Why are U.S. Mayors and Governors Apologizing to China?

Dec 16, 1999

Dec. 15, 1999

Lawrence J. Goodrich, Communications Director, (202) 523-3240

The U. S. Commission on International Religious Freedom today deplored apologies to the Chinese government by American mayors and governors for earlier proclamations honoring the Falun Gong spiritual movement and its founder, Li Hongzhi.

According to press reports, officials in Seattle, Baltimore, San Francisco, and the state of Maryland, under pressure from the Chinese ambassador to the United States, have either rescinded their own proclamations or, in one case, offered a "humblest and most sincere apology" for giving offense.

Falun Gong is a spiritual movement combining traditional Chinese exercise with elements of Buddhism and Taoism. The Chinese authorities have banned the movement, claiming it is a dangerous cult, and detained thousands of Falun Gong practitioners. At least several hundred are still detained in jail or labor camps, while several leaders have been sentenced to long prison terms. At least one Falun Gong practitioner was reported beaten to death by provincial police.

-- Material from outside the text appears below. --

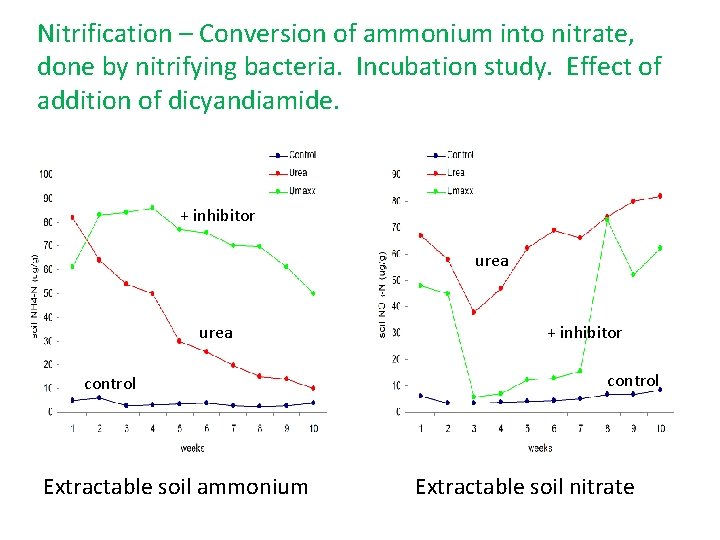 Nitrification – Conversion of ammonium into nitrate, done by nitrifying bacteria. Incubation study. Effect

The State Department identified China as a "country of particular concern" under the International Religious Freedom Act of 1998 for Beijing's suppression of Falun Gong as well as Tibetan Buddhists, Protestant and Roman Catholic Christians, and Muslim Uighurs. Under the act, President Clinton extended for two years a ban on U.S. exports of crime-fighting and crime-detection equipment to China. The President has also publicly criticized the crackdown on Falun Gong.

"It's an outrage for U.S. mayors and governors to kowtow to the Chinese government and its slanderous campaign against what all evidence indicates is a peaceful spiritual movement," said Rabbi David Saperstein, the Commission's chairman. "There are thousands of Falun Gong practitioners in the United States and its founder now lives here. Since when do the objections of the Chinese ambassador trump our nation's commitment to religious freedom as a fundamental right and its concomitant opposition to religious persecution?"

The U.S. Commission on International Religious Freedom was created by the International Religious Freedom Act of 1998 to monitor the status of freedom of thought, conscience, and religion or belief abroad, as defined in the Universal Declaration of Human Rights and related international instruments, and to give independent policy recommendations to the President, the Secretary of State and the Congress." 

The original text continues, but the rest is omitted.